Four House GOP members — House Minority Leader Kevin McCarthy of California, and Reps. Jim Jordan of Ohio, Scott Perry of Pennsylvania and Andy Biggs of Arizona — were also referred to the House Ethics Committee for allegedly ignoring subpoenas issued by the committee.
Outgoing U.S. Rep. Mo Brooks (R-Huntsville) was also sent a subpoena, and, like the others, he did not appear in front of the committee. Brooks told 1819 News he was surprised he didn't get a referral as well, but he thinks he avoided it since he agreed to meet with the committee on one condition.
"Twice I agreed to testify provided that it was public. I put it in writing," Brooks said. "It's not a matter of accommodation. It's a matter of whether they have a right to clandestinely do the public's business in a star chamber secret environment. They have a right to get my testimony; they do not have a right to do it in secret when it's the public's business."
Brooks said there was still the legal issue of whether the "witch-hunt committee" has any authority to subpoena a sitting congressman at all. A litigator himself for 32 years, he said he knows how the subpoena process is and isn't supposed to work.
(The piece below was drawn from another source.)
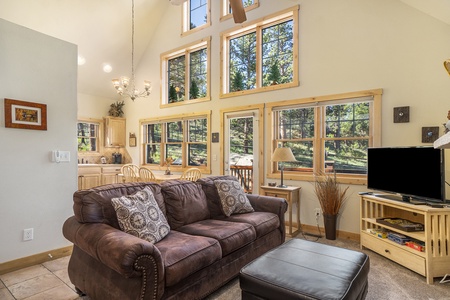 Living room with sofa that seats 3, ottoman, flat screen TV, and windows with view of outdoors.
"No one has the right to just willy-nilly subpoena anybody for anything," he said. "... I'm very familiar with subpoenas and what you can and cannot do with them. And so I was well within my rights to do what I did."
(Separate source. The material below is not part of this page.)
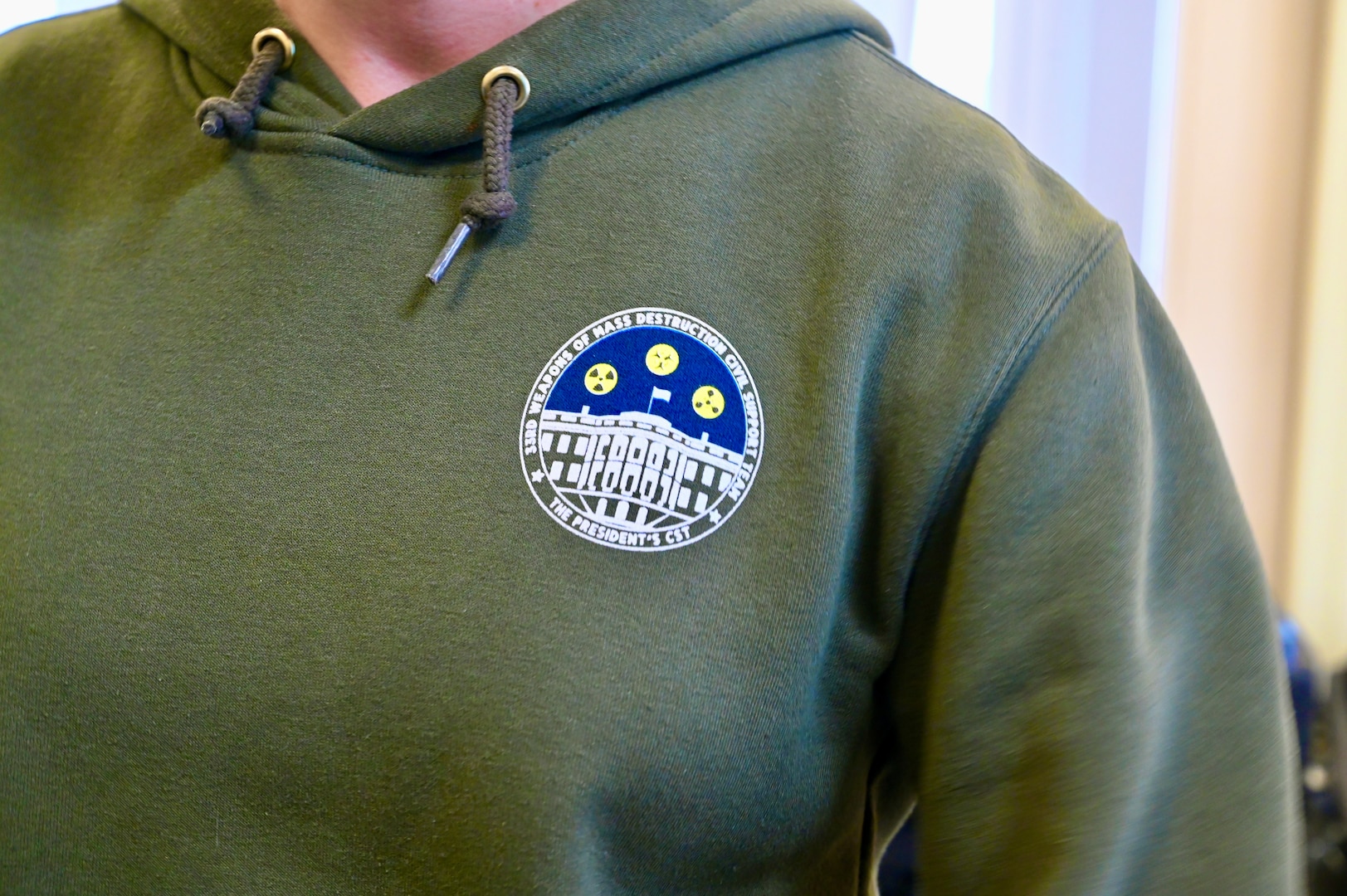 U.S. Army Staff Sgt. Chasity Townsend, administration noncommissioned officer, 33rd WMD-CST, wears a sweatshirt that bears the symbol associated with being ‘The President’s CST,' at the D.C. Armory, March 7, 2024.  The 33rd WMD-CST was strategically positioned to respond effectively with D.C. Fire, U.S. Secret Service, U.S. Capitol Police, and CBRNE Enhanced Response Force Packages (CERFP) units.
He added that he was willing to waive some of his rights as long as his testimony was public.
"That scared the willies out of them. They wanted a one-sided presentation because they wanted a partisan message," Brooks said.
When asked about the charges recommended for Trump, Brooks indicated that, whether the charges stick or not, the former president may have brought it on himself.
"That does not surprise me. Donald Trump has a proven history of portraying himself as being above the law, and he's not," Brooks said. "I do not have a judgment whether he is guilty or not guilty of these particular items. That is something for the judicial system to resolve, and hopefully, if there is an indictment, the judge and jury will render a proper verdict."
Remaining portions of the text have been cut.